We ended our discussion by looking at the role of politics in the issue. A girl said: “There is no governmental rule. That makes me really angry.” Many of us shared this stance, seeing that most countries’s governments had simply different priorities than prohibiting an industry that actually even helped their own economy. However, seeing the difficulty of challenging the global problem of corruption, we also quickly ran out of ideas where to start tackling that problem specifically.
We had a very touching and inspiring 90 minutes of documentary-watching and discussion time. I saw pictures that I will most likely not forget for a while, and I heard five-year-old girls say things that will still ring in my ears for a very long time. The cruelty done to children by people is unbelievable, absolutely inhuman. I am shocked at what happens around the world with so few people noticing. I am lucky to have been born into a different society and to have been able to live through a peaceful childhood. I am more than thankful for my education. But now I am also even more sure of my task to dedicate my life to changing this world.

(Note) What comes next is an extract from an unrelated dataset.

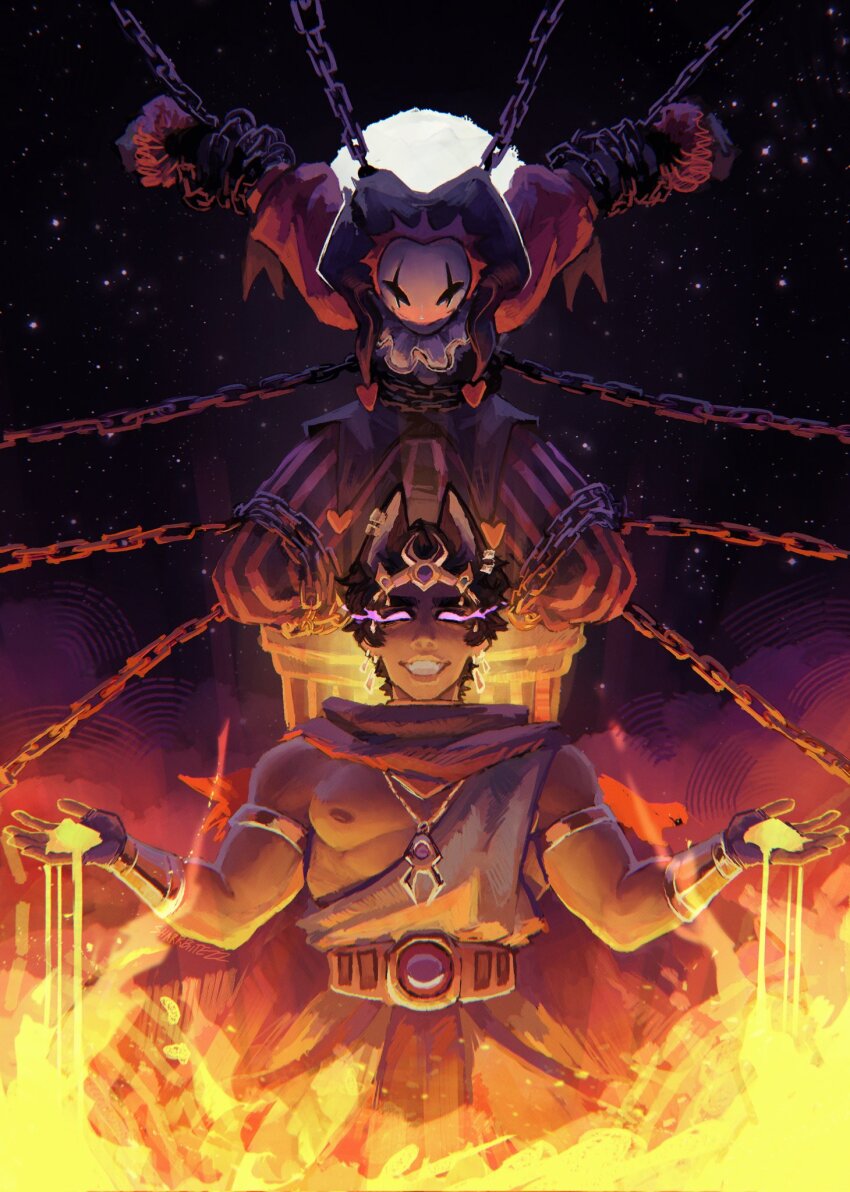 2boys, bound, chain, chained, clownpierce, commentary, english_commentary, glowing, glowing_eyes, grin, highres, jester, jewelry, looking_at_viewer, male_focus, minecraft, minecraft_youtube, multiple_boys, necklace, night, outdoors, parkour_civilization, purple_eyes, seawattgaming, sharkbiitezz, sky, smile, star_(sky), starry_sky, straight-on, teeth, tiara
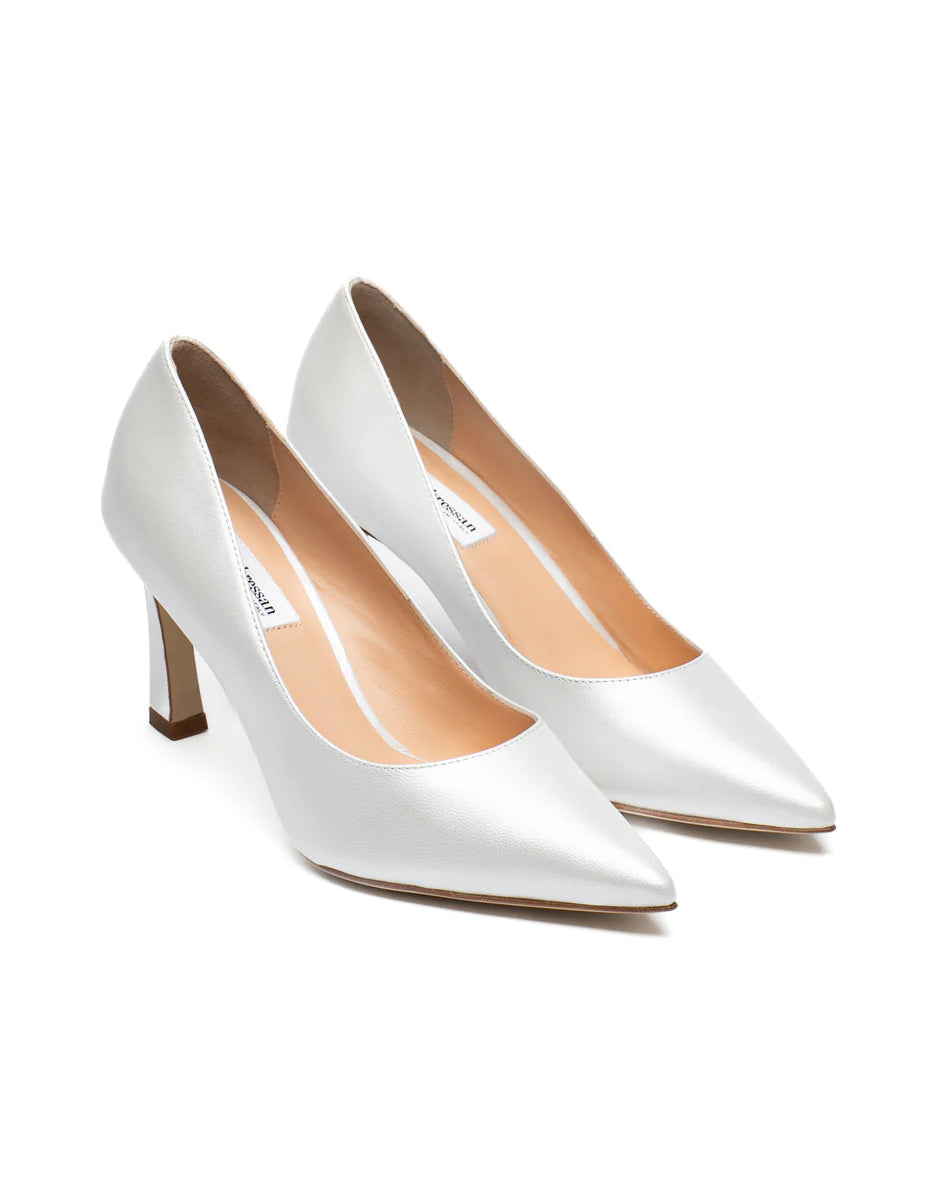 Décolleté Sposa perlato bianco tacco 70 mm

Note for German readers: Der ARD sendet heute Abend einen Thriller zum Thema Kinderhandel: “Operation Zucker” wird in der gekürzten Fassung 20.15 Uhr, in der originalen Version 00.20 Uhr gezeigt. SpiegelOnline schreibt: “Regisseur Rainer Kaufmann hat seinen Bildern nahezu alle Farbe entzogen und über seinen Film eine bleierne Atmosphäre gelegt. Denn der Kinderhandel-Thriller “Operation Zucker” will betrüben – betrüben und aufrütteln.”